Scraped caption text data
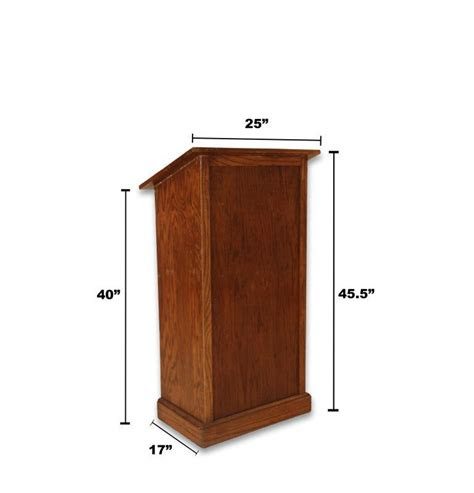 woodworking plans lectern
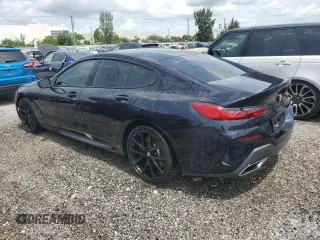 2022 BMW 8 Series 840i with VIN WBAGV2C08NCJ17948, listed as a Copart auction lot 60542904 with 12,132 mi miles and Non Repairable. Bid and sale history available at carsss.com. Image 2.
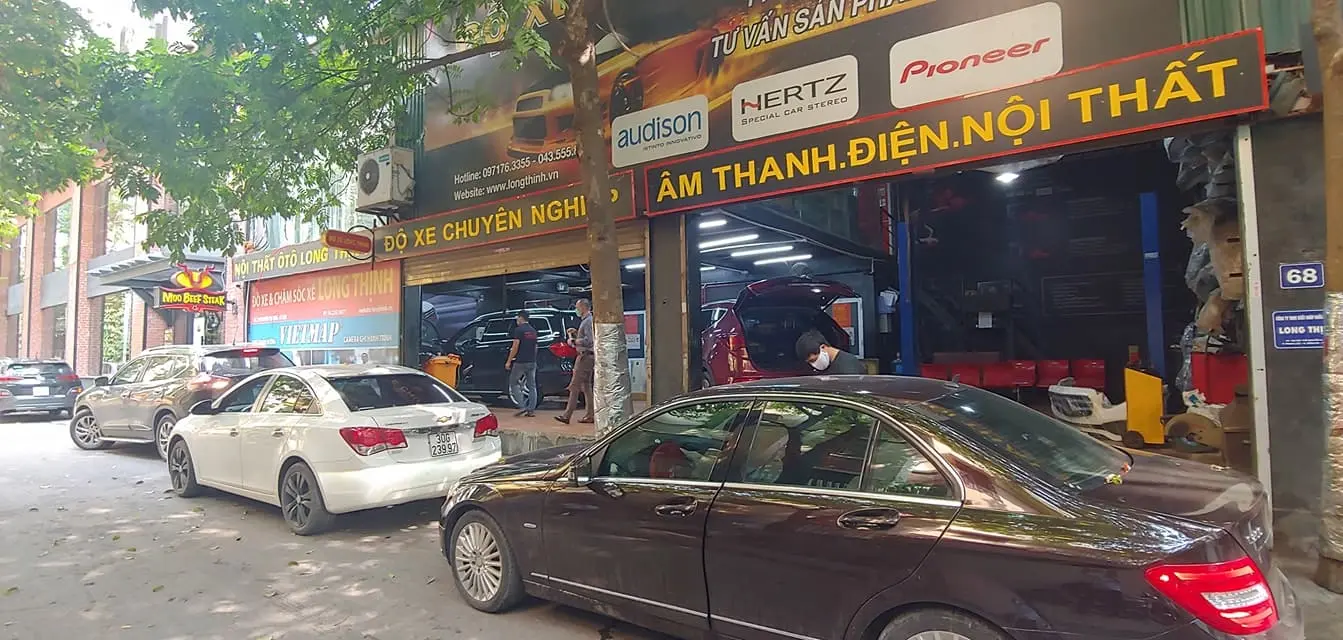 Độ xe Long Thịnh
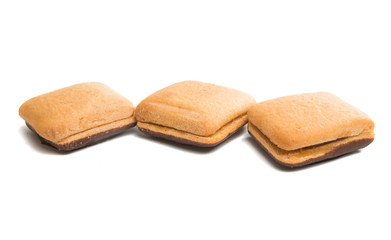 biscuits sandwich with jam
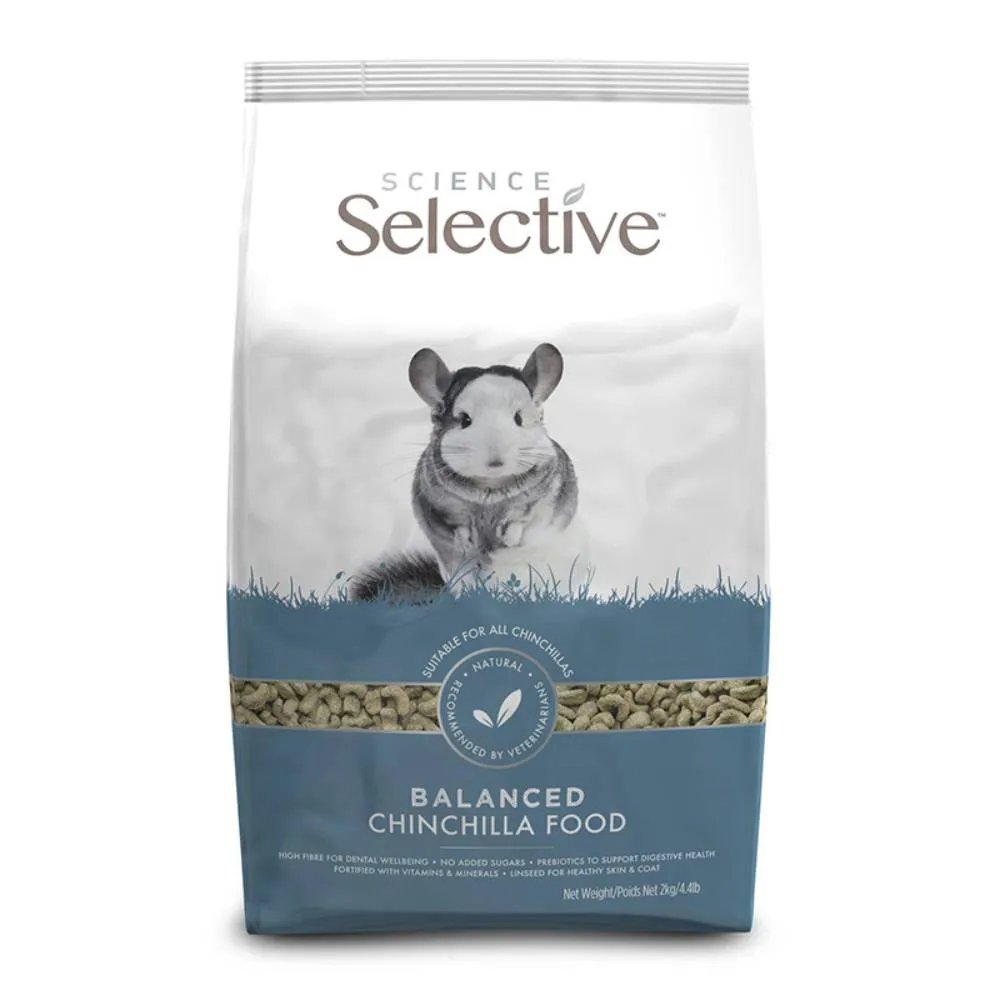 Supreme Science Selective Chinchillas 2kg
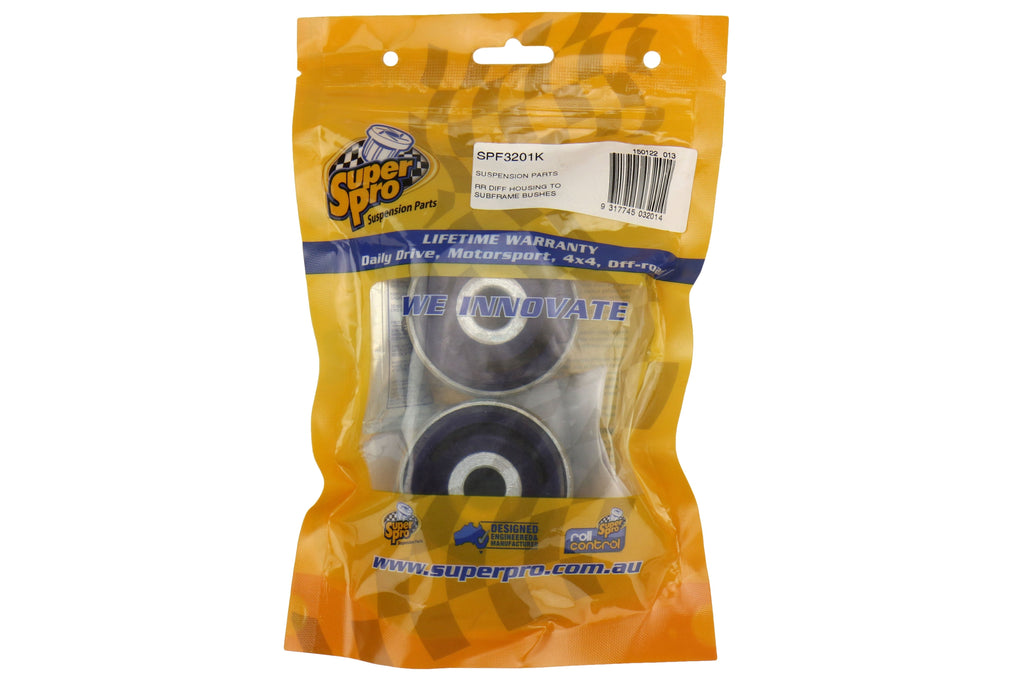 Super Pro Rear Diff Mount Bushings - Subaru Models (inc. 2008-2014 WRX/STI)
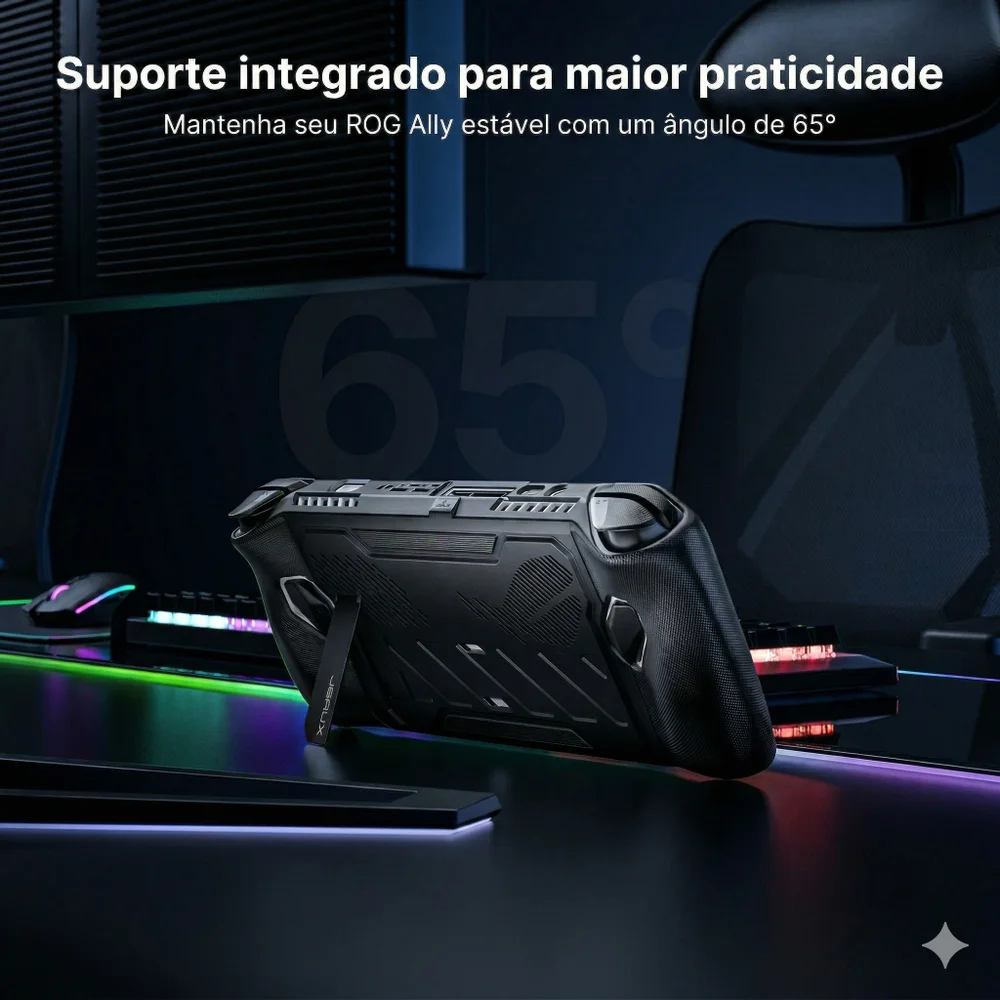 Imagem 2 de 5 do produto Capa Protetora Para Asus Rog Ally Jsaux Modcase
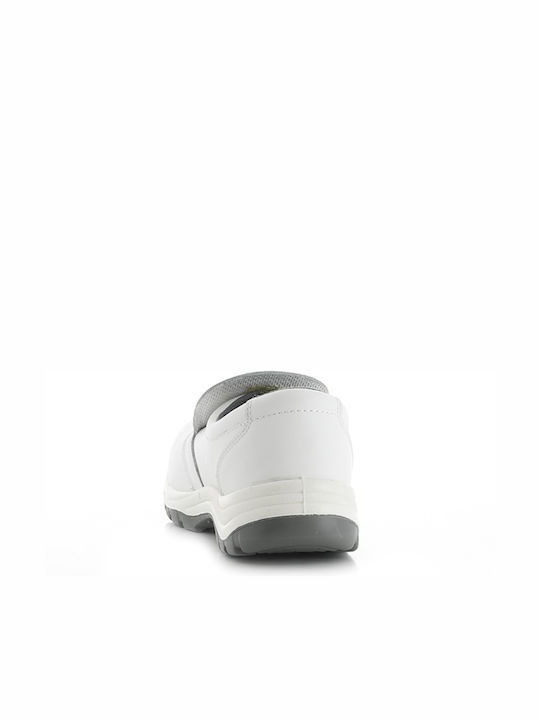 Safety Jogger X0500 Waterproof Low Safety White S2 with Certification E,SRC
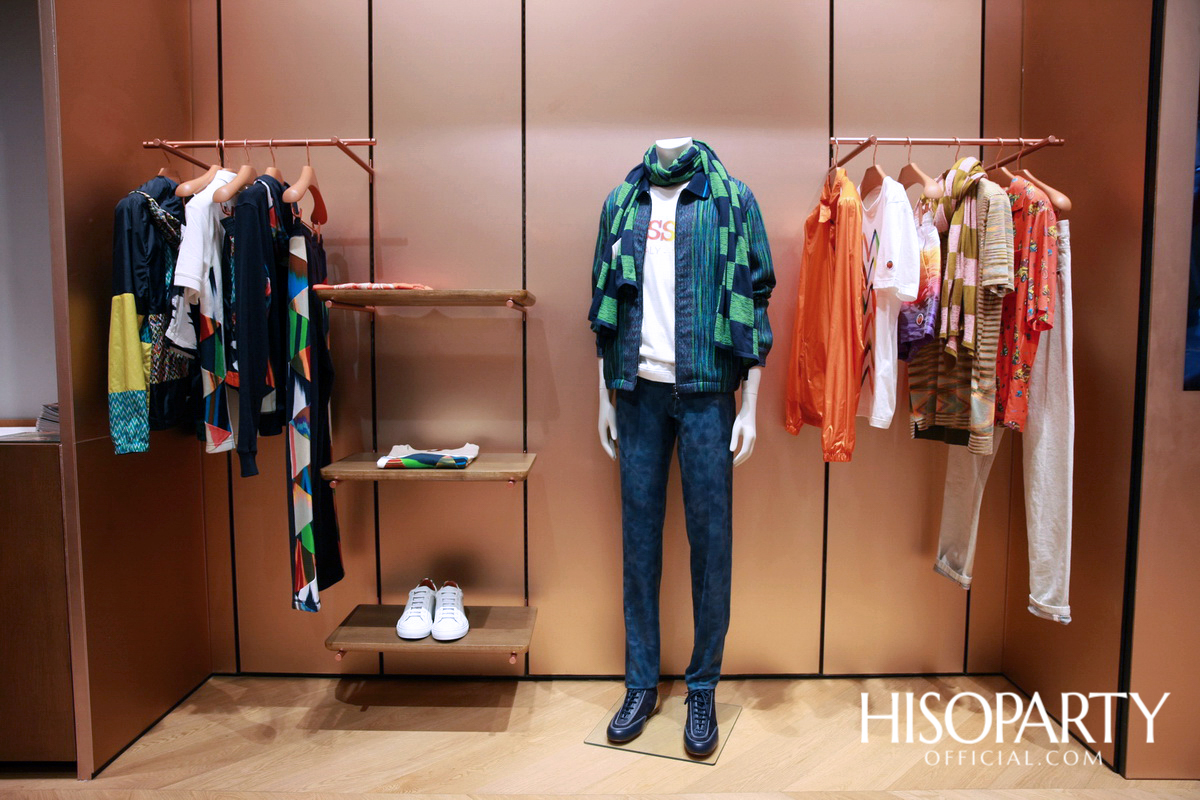 มิสโซนิ (Missoni) เอาใจสาวกลายพรินต์ เปิดแฟล็กชิพบูติกแห่งแรกในไทยที่ใหญ่ที่สุดในเอเชียตะวันออกฉียงใต้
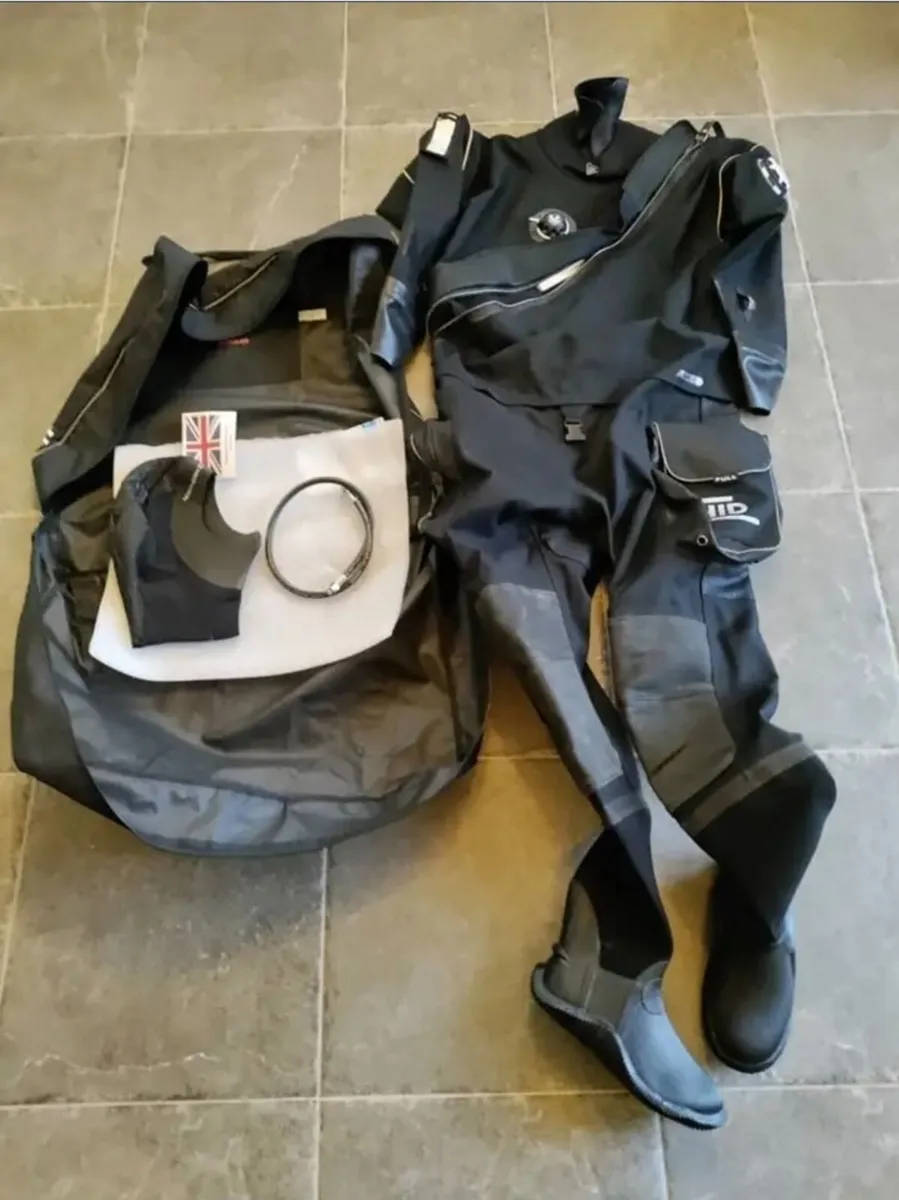 Northern Diver Drysuit Never Used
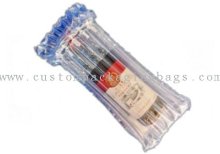 Custom Design Wine Bottle Inflatable Air Bags Packaging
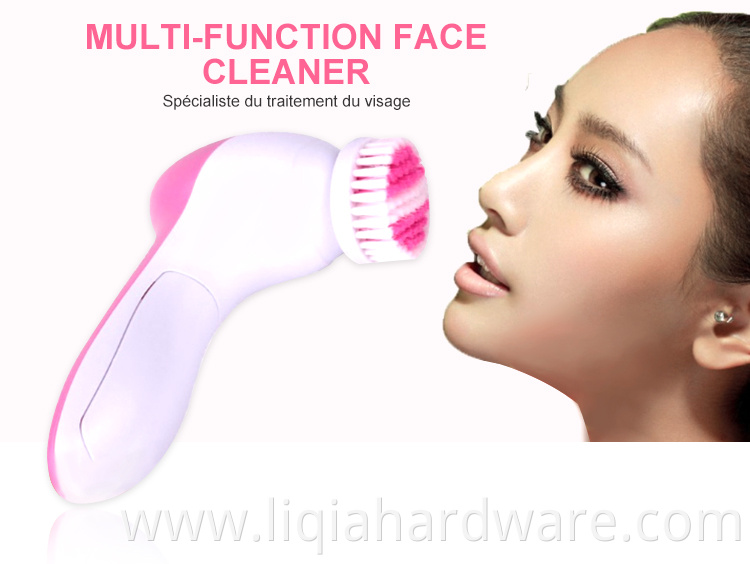 Soft And Slim Brushhead Facial Cleansing Brush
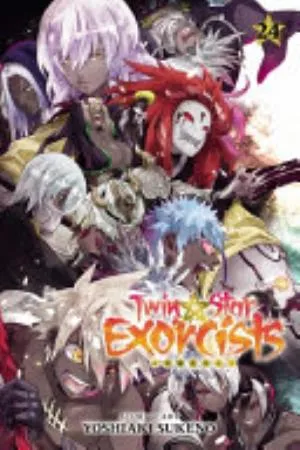 Cover of Twin Star Exorcists volume 24, English edition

▸ **ASSIGNED TASK**:
Set out, exactly as given, the line that contains "biscuits sandwich with jam" along with each line after it through the end of the records above; omit the pictures.

▸ **EXPECTED ANSWER**:
 biscuits sandwich with jam
 Supreme Science Selective Chinchillas 2kg
 Super Pro Rear Diff Mount Bushings - Subaru Models (inc. 2008-2014 WRX/STI)
 Imagem 2 de 5 do produto Capa Protetora Para Asus Rog Ally Jsaux Modcase
 Safety Jogger X0500 Waterproof Low Safety White S2 with Certification E,SRC
 มิสโซนิ (Missoni) เอาใจสาวกลายพรินต์ เปิดแฟล็กชิพบูติกแห่งแรกในไทยที่ใหญ่ที่สุดในเอเชียตะวันออกฉียงใต้
 Northern Diver Drysuit Never Used
 Custom Design Wine Bottle Inflatable Air Bags Packaging
 Soft And Slim Brushhead Facial Cleansing Brush
 Cover of Twin Star Exorcists volume 24, English edition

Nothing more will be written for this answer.